Alternatives Considered¶
- k3s: Single-binary distribution with built-in networking and storage. Simpler to install but bundles Flannel and Traefik by default. Stripping out k3s defaults to replace them with a different CNI eliminates most of the simplicity benefit.
- Talos Linux: Immutable, API-driven OS purpose-built for Kubernetes. Attractive for security and reproducibility, but no SSH access makes GPU passthrough configuration and ad-hoc debugging significantly harder on a homelab where hardware experimentation is expected.
- Managed Kubernetes (EKS, GKE): No infrastructure to manage, but adds cloud cost, latency to local services, and removes the learning value of self-hosting.
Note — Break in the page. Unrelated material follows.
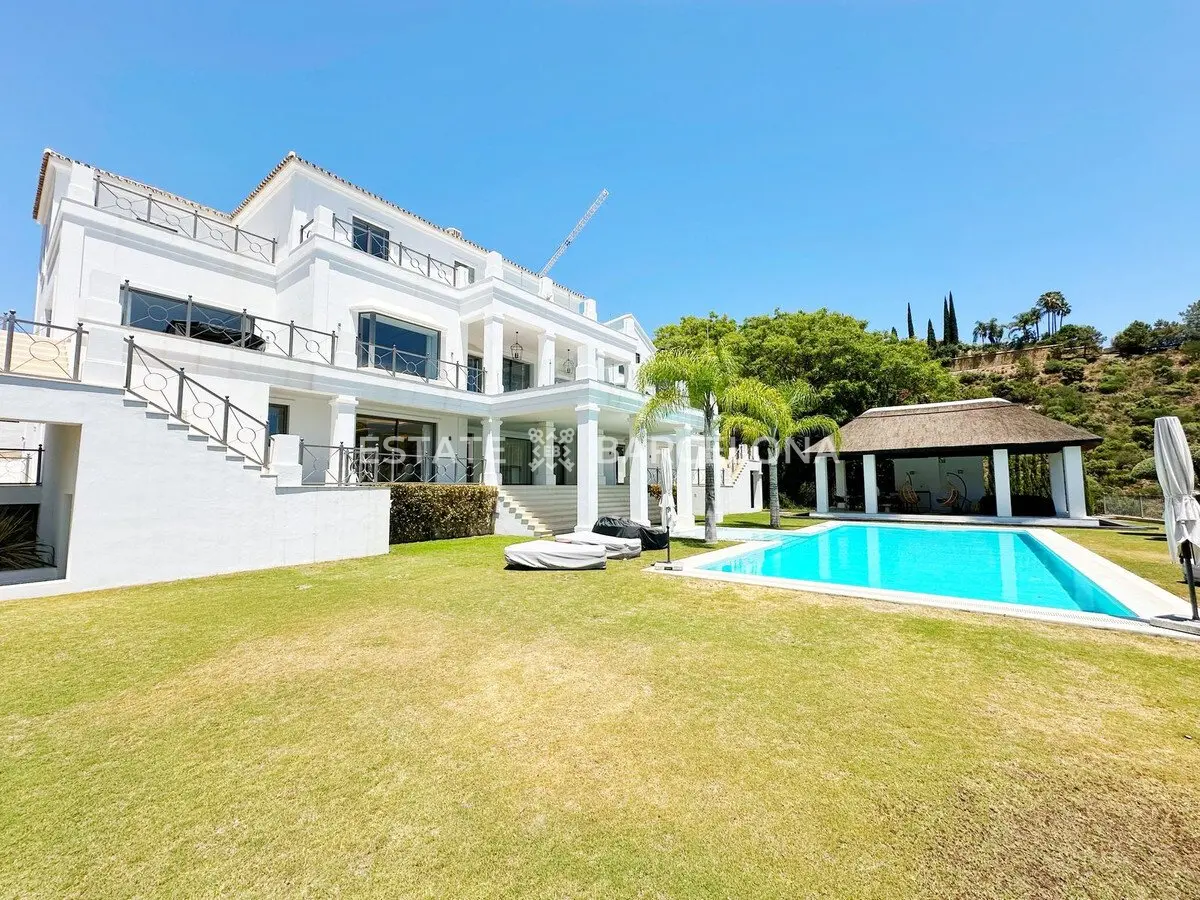 Villa a Malaga, Spagna, 1 462 m² - foto 2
- kind / minikube: Development-only. Not suitable for persistent workloads or bare-metal features like GPU passthrough and L2 networking.
Rationale¶
- Full control: kubeadm provides a standard Kubernetes cluster without vendor abstractions. Every component (CNI, CSI, ingress) is explicitly chosen rather than bundled.
- GPU passthrough: Packer's cloud-init and Terraform's PCI passthrough configuration enable Intel iGPU assignment to specific VMs for hardware transcoding. k3s and Talos make this harder due to their opinionated node setup.
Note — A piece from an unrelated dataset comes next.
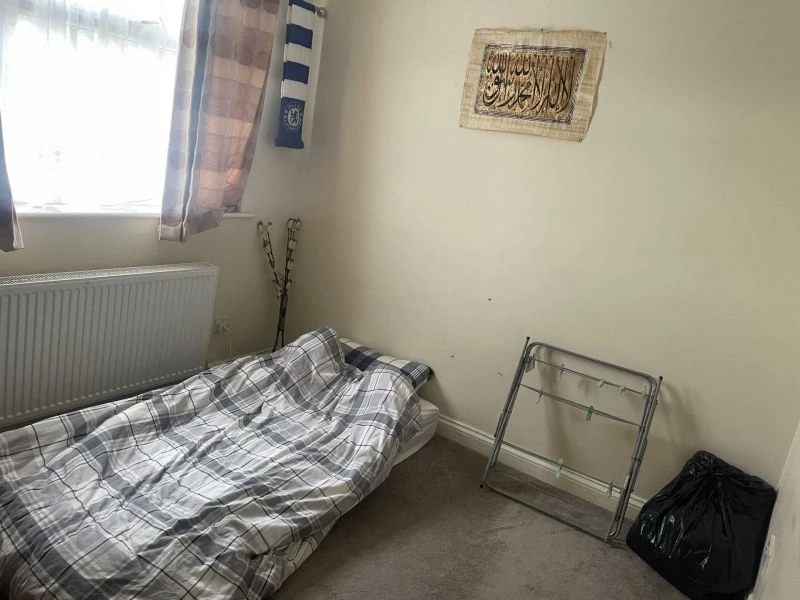 3 bedrooms end of terrace, 3a Canberra Drive Yeading Hayes, Middlesex Greater London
- Reproducibility: Packer → Terraform → Ansible is fully idempotent. A cluster can be torn down and rebuilt from zero by re-running the pipeline.
- Learning value: Operating kubeadm exposes real Kubernetes internals (etcd, API server audit policy, kubelet configuration) that abstracted distributions hide.
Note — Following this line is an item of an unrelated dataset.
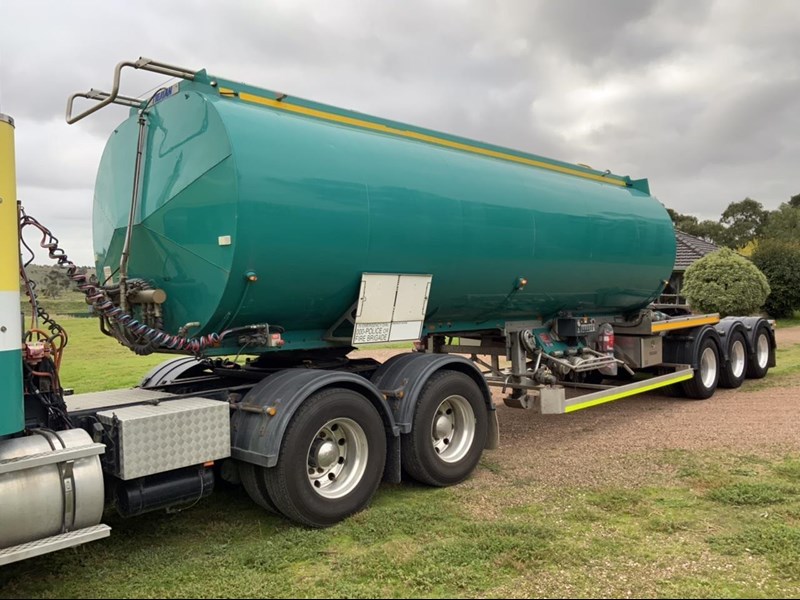 tieman triaxle insulated a fuel tanker 891908 009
- Audit logging: The kubeadm configuration template includes a custom audit policy (RequestResponse for secrets/RBAC/auth, Metadata for mutations) baked into the control plane from day one.
Consequences¶
- kubeadm upgrades require manual Ansible playbook runs. There is no automatic control plane upgrade mechanism.
- The pipeline assumes Proxmox as the hypervisor. Migrating to different infrastructure would require replacing the Terraform provider and Packer builder.
- containerd is installed from Docker's apt repository and must be kept in sync with Kubernetes version compatibility.